Horst D. Deckert

Meine Kunden kommen fast alle aus Deutschland, obwohl ich mich schon vor 48 Jahren auf eine lange Abenteuerreise begeben habe.

So hat alles angefangen:

Am 1.8.1966 begann ich meine Ausbildung, 1969 mein berufsbegleitendes Studium im Öffentlichen Recht und Steuerrecht.

Seit dem 1.8.1971 bin ich selbständig und als Spezialist für vermeintlich unlösbare Probleme von Unternehmern tätig.

Im Oktober 1977 bin ich nach Griechenland umgezogen und habe von dort aus mit einer Reiseschreibmaschine und einem Bakelit-Telefon gearbeitet. Alle paar Monate fuhr oder flog ich zu meinen Mandanten nach Deutschland. Griechenland interessierte sich damals nicht für Steuern.

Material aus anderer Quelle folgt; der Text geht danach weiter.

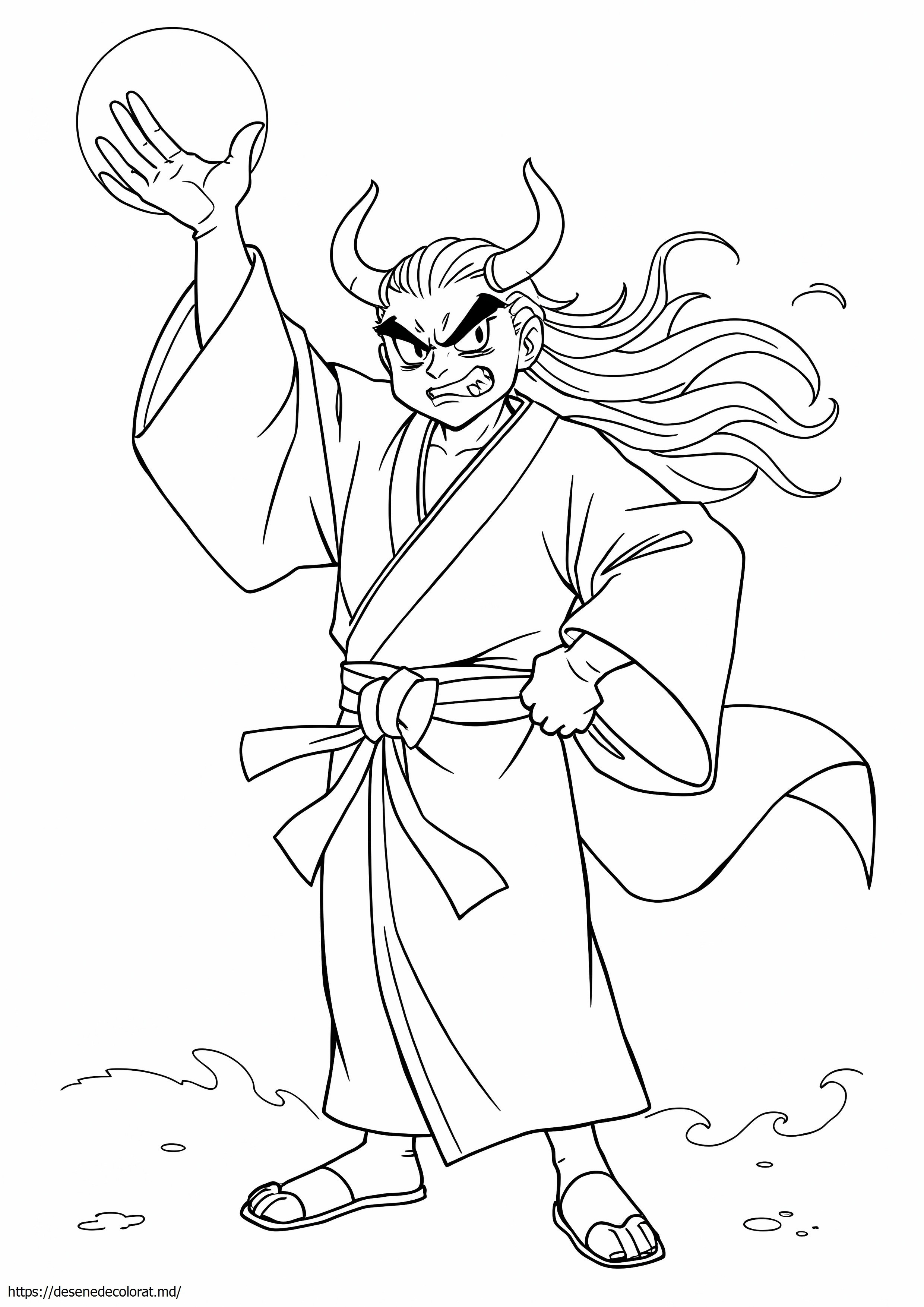 Akaza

Bis 2008 habe ich mit Unterbrechungen die meiste Zeit in Griechenland verbracht. Von 1995 bis 2000 hatte ich meinen steuerlichen Wohnsitz in Belgien und seit 2001 in Paraguay.

Von 2000 bis 2011 hatte ich einen weiteren steuerfreien Wohnsitz auf Mallorca. Seit 2011 lebe ich das ganze Jahr über nur noch in Paraguay.

Mein eigenes Haus habe ich erst mit 62 Jahren gebaut, als ich es bar bezahlen konnte. Hätte ich es früher gebaut, wäre das nur mit einer Bankfinanzierung möglich gewesen. Dann wäre ich an einen Ort gebunden gewesen und hätte mich einschränken müssen. Das wollte ich nicht.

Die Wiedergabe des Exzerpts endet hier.